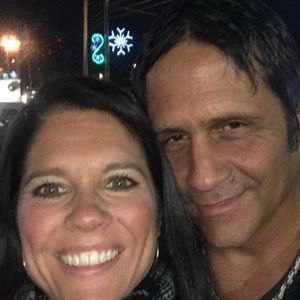 Meet your Posher, Andy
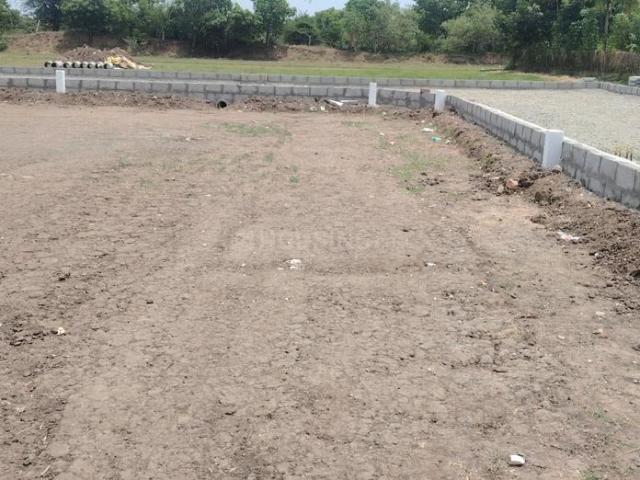 Land for sale in Kelambakkam, Tamil Nadu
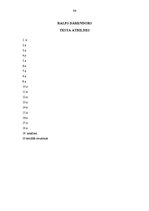 Referāts 'Praktisko darbu materiāls socioloģijas vēsturē', 96.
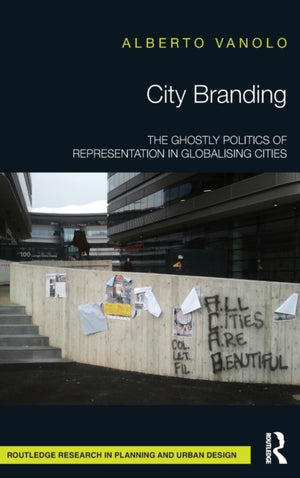 City Branding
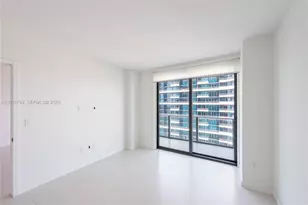 1300 S Miami Ave, Miami, FL 33130 - Photo 1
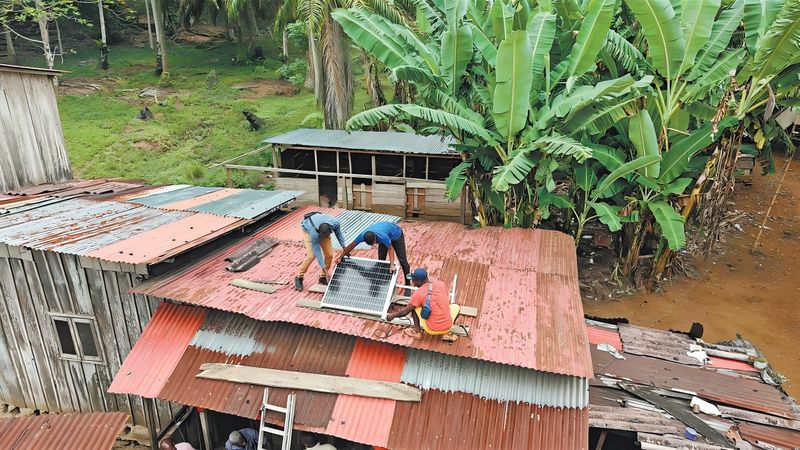 “非洲光带”项目落户圣多美和普林西比(2).jpg “非洲光带”项目落户圣多美和普林西比(2).jpg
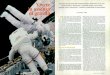 Quarant'anni di studi sugli astronauti hanno dimostrato che il volo …download.kataweb.it/mediaweb/pdf/espresso/scienze/1998... · 2011-09-16 · Quarant'anni di studi sugli astronauti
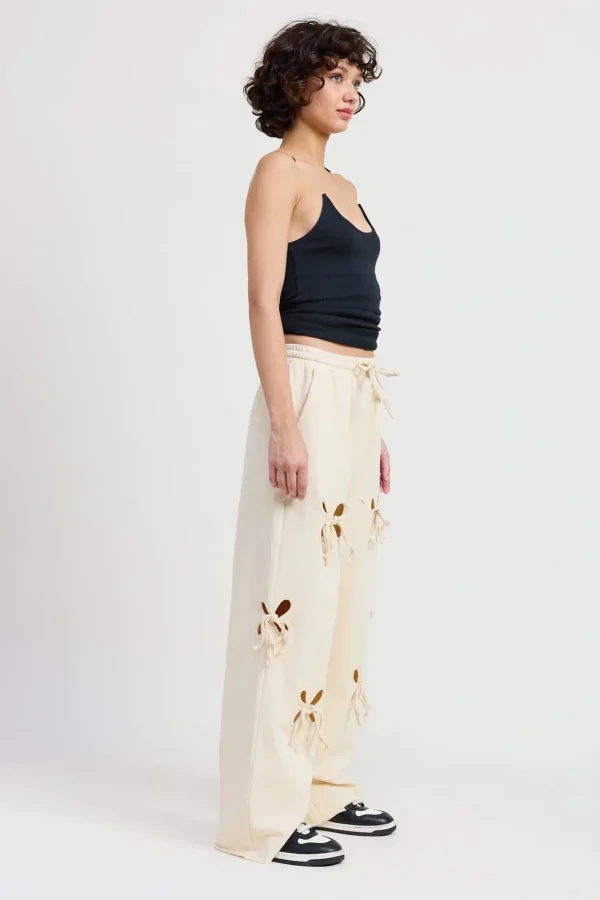 Elodie Pants*Emory Park Clothing Outlet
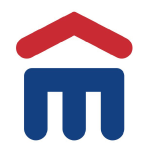 Логотип банка «Восточный»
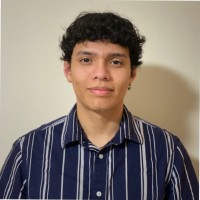 Donny Roque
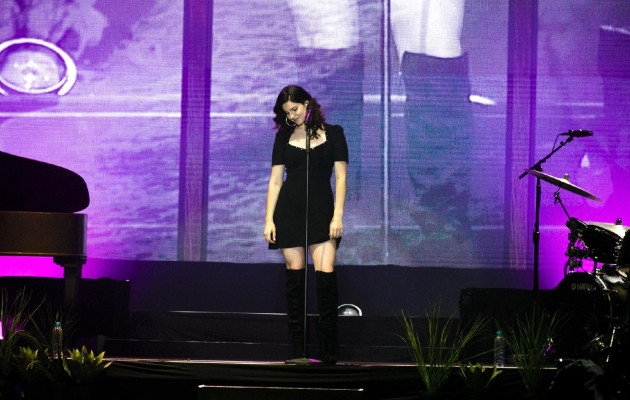 Lana Del Rey pic #1076880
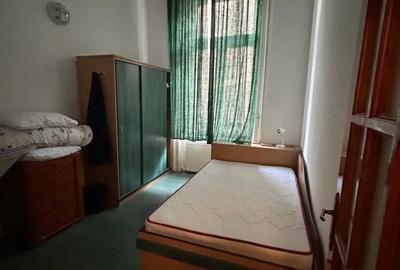 Proprietar vand apartament ultracentral - 5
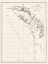 Picture of WASHINGTON COAST, VANCOUVER ISLAND - BEQUES 1791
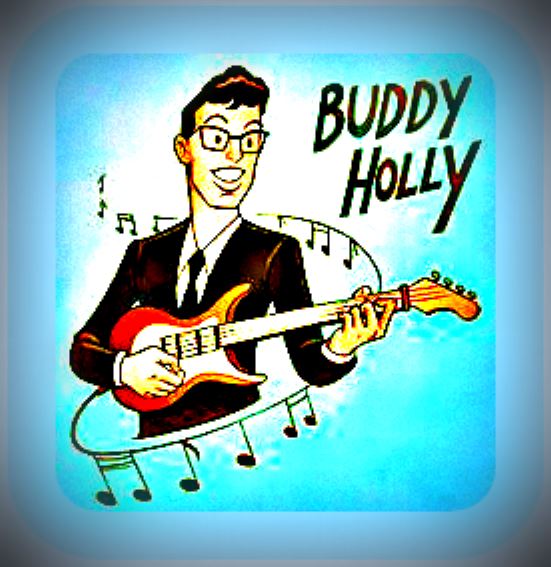 Buddy_Holly_Painting.jpg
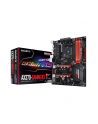 Gigabyte GA-AX370-Gaming K3 AM4 4DDR4 6USB3/HDMI/M2 ATX - nr 26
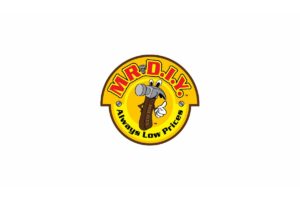 Lowongan Retail Division Manager Mr Diy Blora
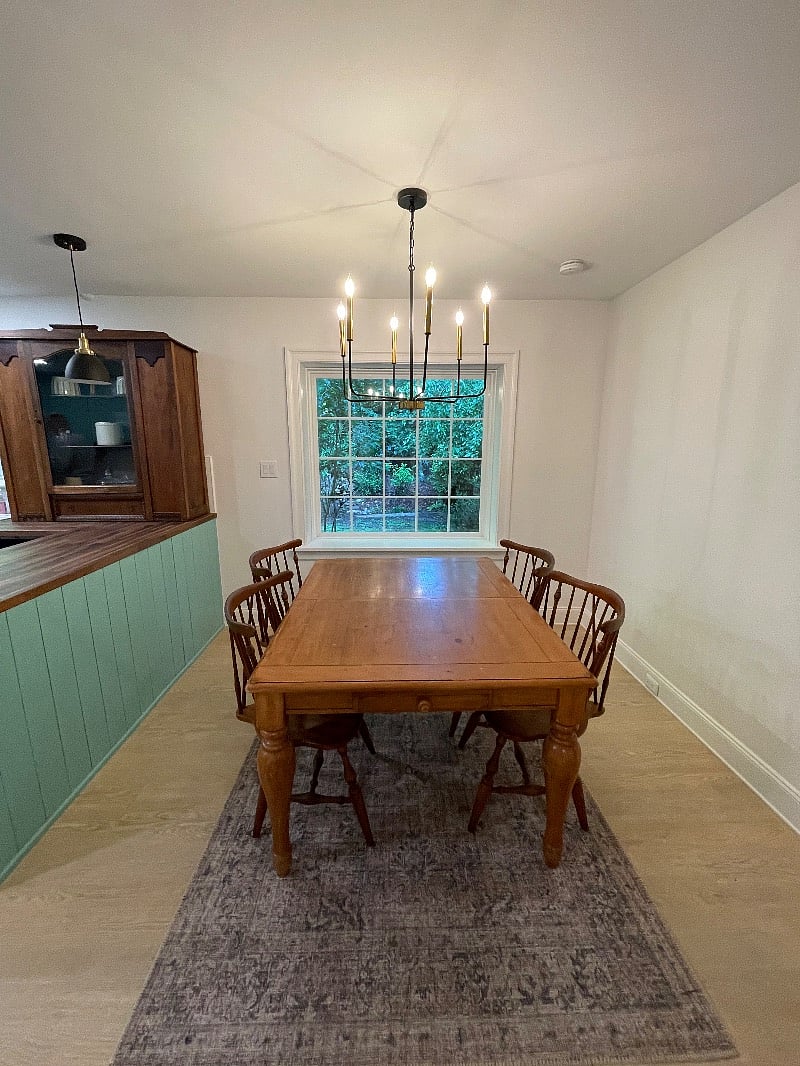 Furnished Finder property 415774_1 photo 5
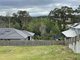 Photo - 142 Cedar Creek Rd , Upper Kedron QLD 4055 - Image 2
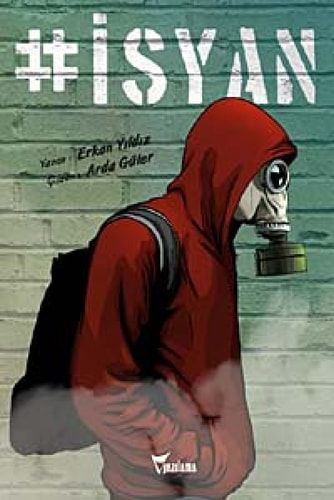 #Isyan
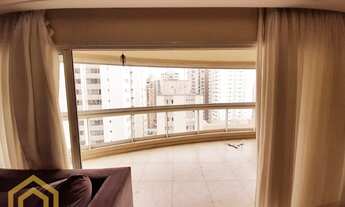 Imagem 4: APARTAMENTO RESIDENCIAL em SÃO PAULO - SP, PERDIZES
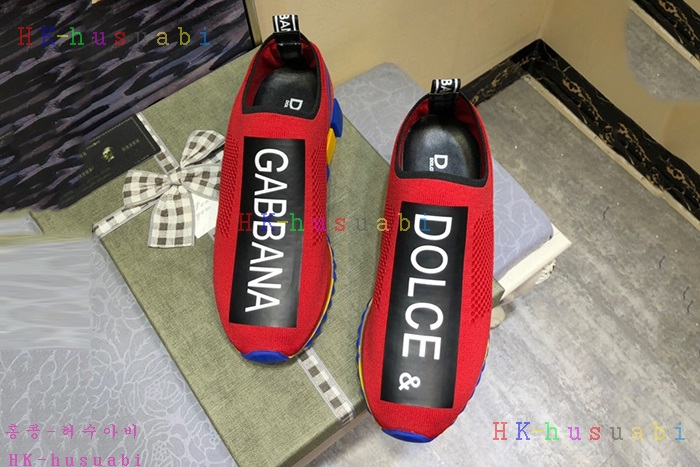 NEW ��ü�����ٳ� �Ź� �Ż� DG 288432
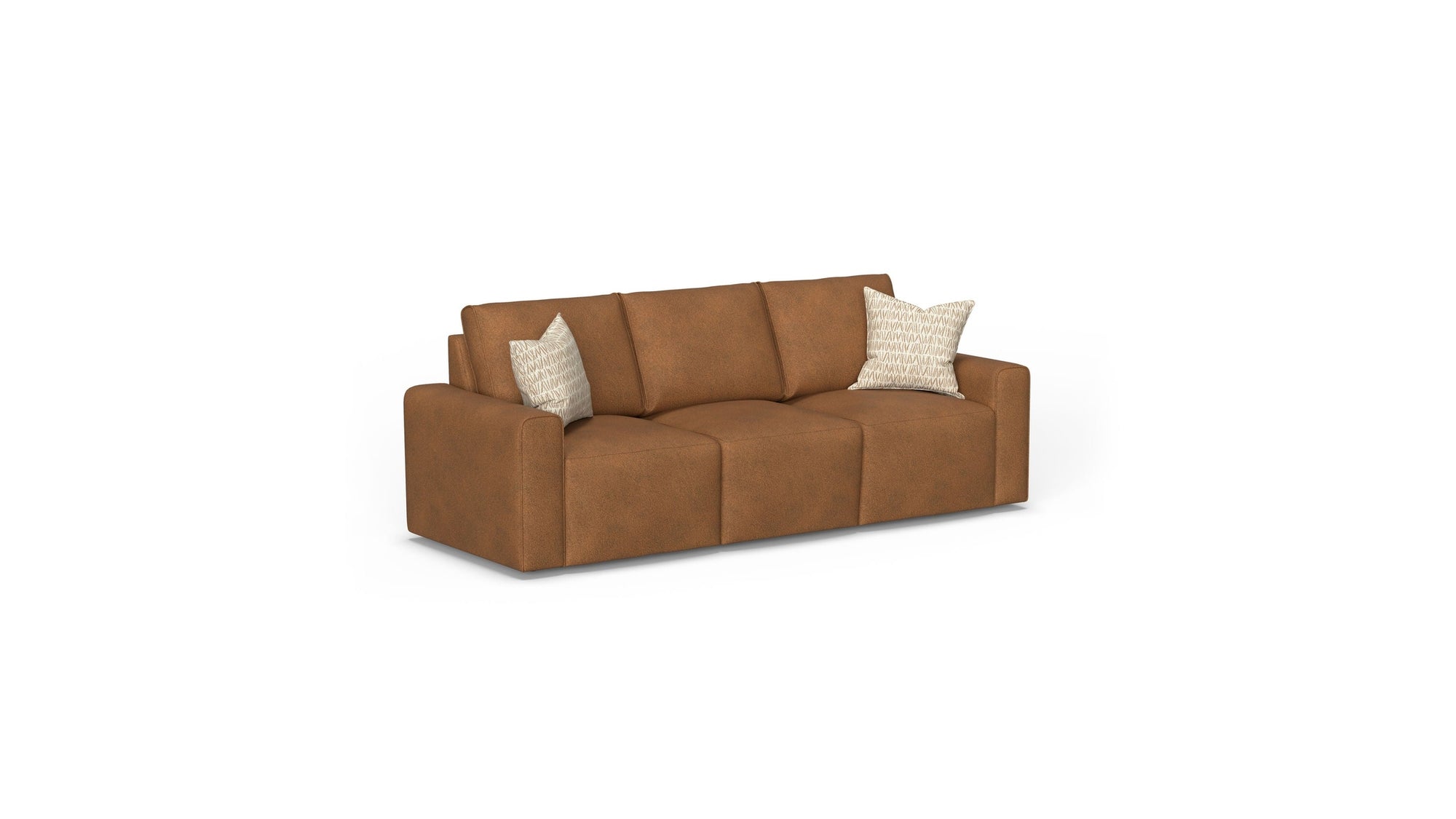 Dawson - Sofa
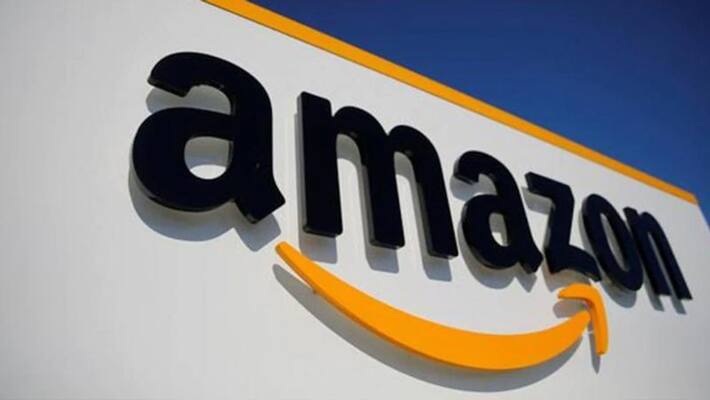 setback for Amazon customers is the withdrawal from the largest retailer market setback for Amazon customers is the withdrawal from the largest retailer market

------------------------------------------------------------------------

Instructions for the task: Write the lines from the line containing "Picture of WASHINGTON" through the last line of the data out again exactly, and only those lines; pictures stay out.

Solution for this task:
 Picture of WASHINGTON COAST, VANCOUVER ISLAND - BEQUES 1791
 Buddy_Holly_Painting.jpg
 Gigabyte GA-AX370-Gaming K3 AM4 4DDR4 6USB3/HDMI/M2 ATX - nr 26
 Lowongan Retail Division Manager Mr Diy Blora
 Furnished Finder property 415774_1 photo 5
 Photo - 142 Cedar Creek Rd , Upper Kedron QLD 4055 - Image 2
 #Isyan
 Imagem 4: APARTAMENTO RESIDENCIAL em SÃO PAULO - SP, PERDIZES
 NEW ��ü�����ٳ� �Ź� �Ż� DG 288432
 Dawson - Sofa
 setback for Amazon customers is the withdrawal from the largest retailer market setback for Amazon customers is the withdrawal from the largest retailer market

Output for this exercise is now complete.